Scalability (L12) Flashcards
(18 cards)
What is Scalability in distributed systems?
Scalability is a system’s ability to handle growing amounts of work or users without suffering a drop in performance. A scalable system can expand its resources (like CPU, memory, or network capacity) to keep up with increasing demand.
What are the three dimensions of scalability mentioned in the lecture?
● Size Scalability: Can the system handle more users or data?
● Geographical Scalability: Can the system operate efficiently across large distances?
● Administrative Scalability: Can multiple organizations or teams manage their own parts without conflict?
What are the common root causes for scalability problems in centralized solutions?
● CPU limitations: One machine can only do so much.
● Storage and I/O bottlenecks: Disk or database speed becomes a constraint.
● Network congestion: Too many users talking to one central server overloads the
network.
Name three fundamental techniques for scaling distributed systems.
- Hide communication latencies: Use async requests or local caching to avoid waiting.
- Replication and Caching: Store copies of data closer to users.
-
Modularization and Decomposition: Break the system into smaller, independent parts
that can scale separately.
What is Modularization, and what are its general design principles?
Modularization means breaking a system into well-defined parts (modules), each handling one
responsibility.

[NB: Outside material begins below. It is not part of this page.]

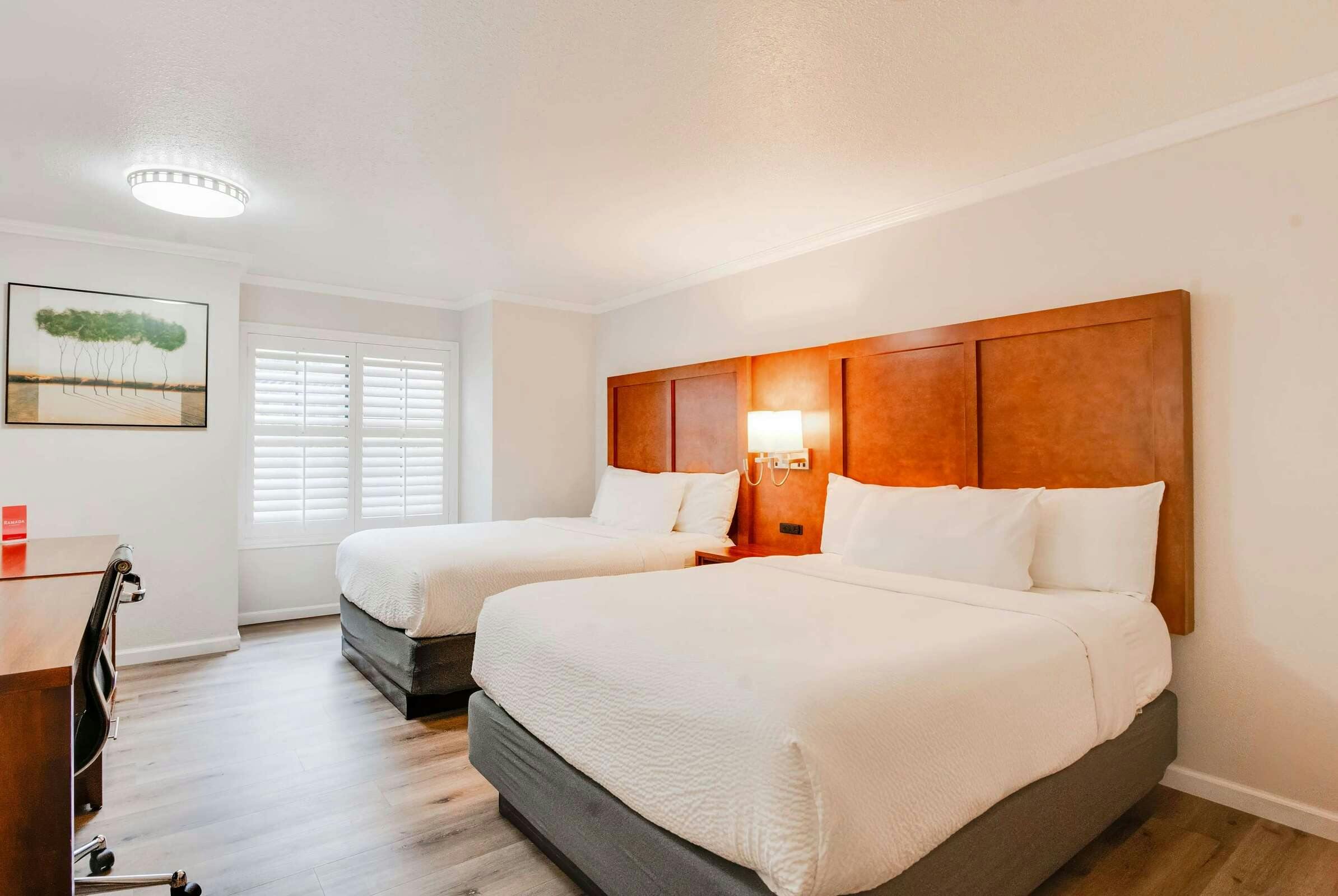 Hotel Ramada by Wyndham Mountain View photo 5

Key principles:
● Explicit Interfaces: Make dependencies visible.
● Low Coupling: Keep modules loosely connected.
● Small Interfaces: Don’t expose more than necessary.
● High Cohesion: Each module should do one thing well.
Differentiate between “Scaling Up” and “Scaling Out”.
● Scaling Up (Vertical): Upgrade a single machine (e.g., more CPU or RAM).
● Scaling Out (Horizontal): Add more machines or servers to handle the load.
What are the three further “Scaling Out” dimensions discussed?
● Functional Decomposition: Split the app into smaller pieces (e.g., microservices).
● Partitioning (Sharding): Divide the data across servers.
● Duplication: Clone services and balance the load between them.
What is Functional Decomposition in practice?
It’s the process of breaking a monolithic application into independent, focused services (like microservices), which communicate through APIs.
What is Partitioning (Sharding)?
Sharding means splitting a dataset into smaller chunks, stored on different nodes, so no single node is overloaded.
What are two common methods for Partitioning?
● Range Partitioning: Data is split based on sorted key ranges (e.g., A–F, G–M…).
● Hash Partitioning: A hash function spreads data evenly across shards.
What is a Distributed Hash Table (DHT)?
A DHT is a peer-to-peer structure that maps keys to nodes using a consistent hash function. Nodes form a ring, and each one stores a portion of the key-value space. DHTs are scalable and resilient to node changes.
What is Duplication (Multi-tenancy) in the context of scalability?
Duplication means running multiple identical instances of a service to increase capacity. A load balancer distributes incoming requests. Platforms like AWS Auto Scaling automate this based on real-time demand.
What is a Metric in system performance monitoring?
A metric is a numeric value (like requests per second) tracked over time. Metrics often include labels (e.g., service=”auth”) to filter or group them in dashboards.
What are Quality of Service (QoS) attributes?
QoS attributes define how well a system performs from the user’s perspective. Examples:
● Response Time
● Throughput
● Availability
● Reliability
● Security
● Scalability
● Extensibility
What is a Service-Level Indicator (SLI)?
An SLI is a quantitative measurement of how a service behaves. For example, “99.9% of requests responded in under 200ms” is an SLI.
What is a Service-Level Objective (SLO)?
An SLO defines a target for an SLI—what level of performance you aim to maintain. For
example, “Uptime should be at least 99.99%”.
What is the Utilization Law in performance analysis?
It measures how busy a resource is. Formula:
● U = B / T, where B is busy time and T is total time
● Or U = X × S, where X is throughput, and S is service time
How is Throughput (X) calculated?
Throughput is how much work gets done per unit of time. Formula: X = C / T, where C is the number of completions and T is the total time.